Kids who go on to win such shows have another gamut of emotions to face. The momentary fame, the fortune brought in by the prize money, the media attention, adulation from adults and peer groups are all volatile situations to deal with at that young an age. To handle this, the child needs a very strong and grounded support system on which they enjoy can their glory and also fall back upon when the hype dies down. Not all can be as controlled when situations start spiralling upwards or downwards – which is the graph for any artist. Gaining too much too soon can affect an adult tremendously just as losing it all can lead to severe depression – question then is if children are capable of handling such a see saw of life situations!

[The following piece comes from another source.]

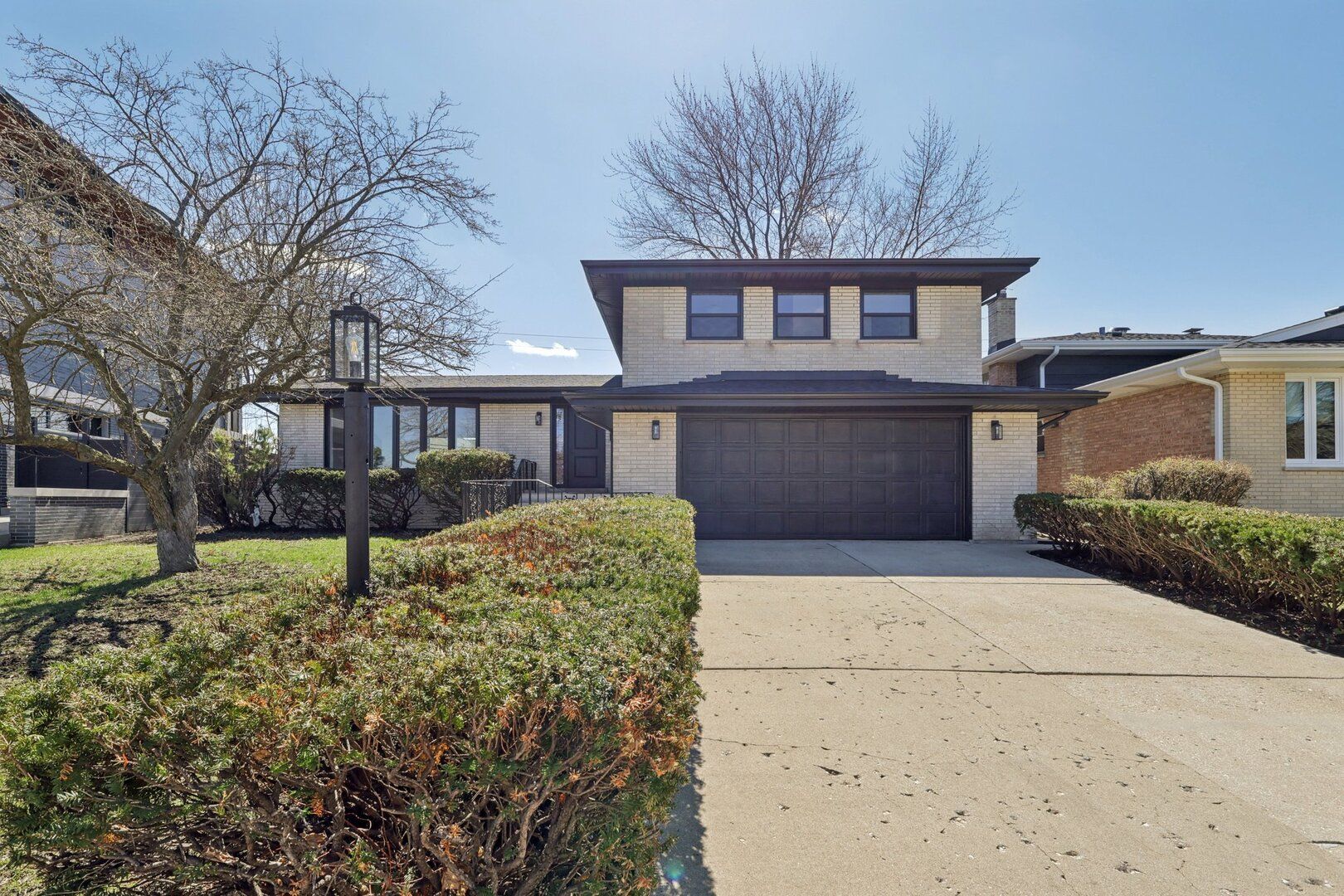 8135 W Rascher Avenue — Chicago, IL 60656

On the flip side and to allow a democratic argument to the case, there is no denying that there is a pool of genuine talent amongst kids – kids who are passionate about a performance art form and who look at getting somewhere in life, relying on that inherent talent. If parents have the resources, they may be able to allow the kids that opportunity. But for parents who don’t have the contacts or the resources, such talent show platforms are probably the easiest ones available to get their child closer to that dream. It gets their children noticed at a national level and they hope that the show gives the child the leverage to last it out in the industry. Also, these shows come with a good amount of prize money for the winners – which, in case of some parents, facilitates further training of these talented kids so as to help them perfect the art. There are proven instances where children coming out of such talent shows have really achieved that dream of being a performing artist – singers Sunidhi Chauhan and Aishwarya Majumdar to name a couple.
So , instead of completely negating the concept, one hopes that the production houses and television channels figure out a more understanding and encouraging format – one that is child centric and allows the talent to blossom – cutting out all that is detrimental to the emotional stability of the children participants. Oft quoted is the saying “Children are like clay in a potter’s hands” – you give them turmoil and they will be in confusion, you give them encouragement and they will go on learning affirmatively. Additionally, one hopes that there are better forums where genuine talent may be spotted and encouraged without having to go through the exercise of getting trying to get into these shows – a more democratic platform where, at no or an affordable cost, talented child artists can showcase their art form to a world of casting agents, producers, talent hunters, event managers or even established artists or teachers who may want to share their knowledge with promising talent. This could be an option like the ‘matchmytalent’ portal which is looking at showcasing talent online. This opens out the world to the talent, using the world wide web as a tool – all this while sitting in the comfort of one’s home.
Genuine talent, especially in children, needs careful nurturing and a direction in which it can be rightly steered. If the dynamics are figured out, there is no stopping a talented artist – society is forever hungry for new entertainers. The onus lies on us adults, as conscientious parents to these children, as to how we wish to expose our children to this industry – what path we choose to assist them to excel as artists and as people.